This is not the safest way, as an error in the sed script will result in the truncation of /etc/targetfile.

To get around the inability to write temporary files to /etc, of course the naive way would be to try and sed [...] /etc/targetfile >/etc/targetfile, which would truncate /etc/targetfile before /etc/targetfile has had a chance to be read by sed; one way to get around this would be to use sponge, which won't overwrite the target file until STDIN has been fully read, effectively preventing the truncation of the source file before it has been fully processed, at the same time allowing to go around the limitation imposed by the permissions on /etc.

Per its man page:

sponge reads standard input and writes it out to the specified file. Unlike a shell redirect, sponge soaks up all its input before opening the output file. This allows constricting pipelines that read from and write to the same file.

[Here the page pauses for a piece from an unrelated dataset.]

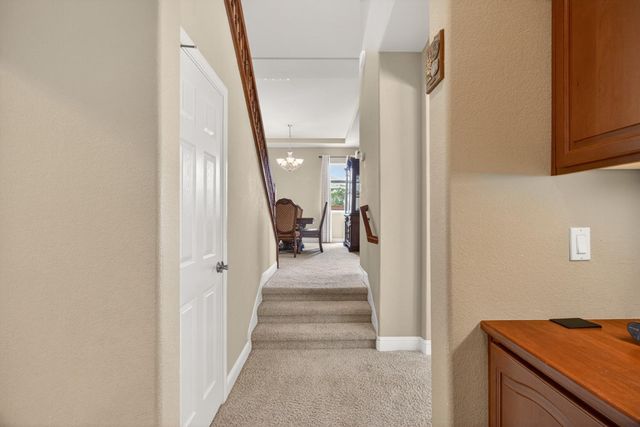 829 Hildebrand Cir, Folsom, CA 95630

sed [...] /etc/targetfile | sponge /etc/targetfile
2
  • 2
    And if there is a typo in the [...] part, sed will output nothing, and you thus will nothing into /etc/targetfile ... Commented Jun 22 at 15:07
  • 3
    @OlivierDulac Fair point, this is not the safest solution. I added a bold caveat at the start of the answer, thanks for pointing that out
    – kos
    Commented Jun 22 at 15:20
6

I'd just use awk and store everything in memory then write it out at the end (after awk has closed the input file), e.g. using any awk:

awk '
    { sub("^f4442:/dir1/dir2/59.35:N", "f4442:/dir1/dir2/59.77:N"); rec=rec $0 ORS }
    END { printf "%s", rec > FILENAME }
' file

With the posted sample input note the change in the 3rd line from the top:

$ cat file
f1112:/dir1/dir2/59.35:N            # Comment
f3332:/dir1/dir2/59.35:N            # Comment
f4442:/dir1/dir2/59.35:N            # Comment
f555:/dir1/dir2/59.35:N             # Comment
f666s2:/dir1/dir2/59.35:N           # Comment
f777s2:/dir1/dir2/59.35:N           # Comment

$ awk '
    { sub("^f4442:/dir1/dir2/59.35:N", "f4442:/dir1/dir2/59.77:N"); rec=rec $0 ORS }
    END { printf "%s", rec > FILENAME }
' file

$ cat file
f1112:/dir1/dir2/59.35:N            # Comment
f3332:/dir1/dir2/59.35:N            # Comment
f4442:/dir1/dir2/59.77:N            # Comment
f555:/dir1/dir2/59.35:N             # Comment
f666s2:/dir1/dir2/59.35:N           # Comment
f777s2:/dir1/dir2/59.35:N           # Comment

If the file is large, though, I'd suggest using a temp file as:

tmp=$(mktemp) &&
awk '{sub("^f4442:/dir1/dir2/59.35:N", "f4442:/dir1/dir2/59.77:N")} 1' file > "$tmp" &&
cat "$tmp" > file
rm -f "$tmp"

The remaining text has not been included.